On Tuesday in Tallahassee, Florida Gov. Ron DeSantis (R) signed legislation that reeks of Big Brotherism a la Orwell’s famed novel. 1984, requiring that students, faculty, and staff at public colleges and universities in the Sunshine State  reveal their political views in an effort to encourage “intellectual diversity.”

According to the Tampa Bay Times:

The survey will discern “the extent to which competing ideas and perspectives are presented” in public universities and colleges, and seeks to find whether students, faculty and staff “feel free to express beliefs and viewpoints on campus and in the classroom,” according to the bill.

The measure, which goes into effect July 1, does not specify what will be done with the survey results. But DeSantis and Sen. Ray Rodrigues, the sponsor of the bill, suggested on Tuesday that budget cuts could be looming if universities and colleges are found to be “indoctrinating” students.

Indoctrinating students with what? Facts and information? It seems every Republican’s worst nightmare is that  people will make their own political choices based on their experience, education, and personal beliefs.

At a press conference when he signed the bill into law, DeSantis declared:

“It used to be thought that a university campus was a place where you’d be exposed to a lot of different ideas. Unfortunately, now the norm is, these are more intellectually repressive environments. You have orthodoxies that are promoted, and other viewpoints are shunned or even suppressed.”
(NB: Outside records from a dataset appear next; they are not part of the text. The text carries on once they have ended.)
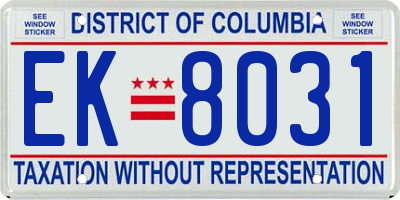 DC license plate EK8031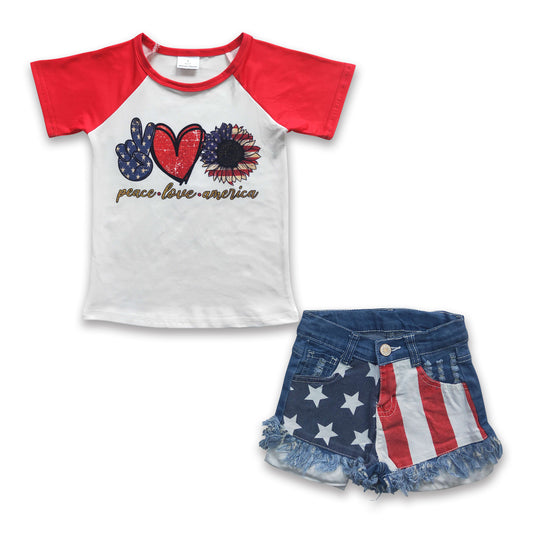 Peace love America raglan denim shorts girls 4th of july clohtes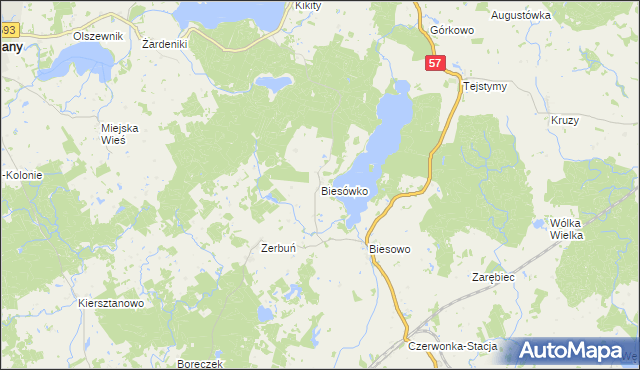 mapa Biesówko, Biesówko na mapie Targeo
While Florida Republicans say they welcome the legislation as a way to encourage free speech on campuses across the state, debate on the controversial legislation revealed that many in the state GOP haven’t thought through the issue and where it could lead:

Sen. Lori Berman, D-Boynton Beach, asked Rodrigues, R-Estero, if the information could be “used to punish or reward colleges or universities?” She wondered: “Might faculty be promoted or fired because of their political beliefs?”

Rodrigues said no. But the language in the bill, and the statements made Tuesday, do not back that assertion. The bill also offers no assurances that the survey’s answers will be anonymous, and there is no clarity on who can use the data and for what purpose.

Big Brother just got a lot bigger and more intrusive in the state of Florida, all so Ron DeSantis can build a name for himself as he prepares to run for president in 2024.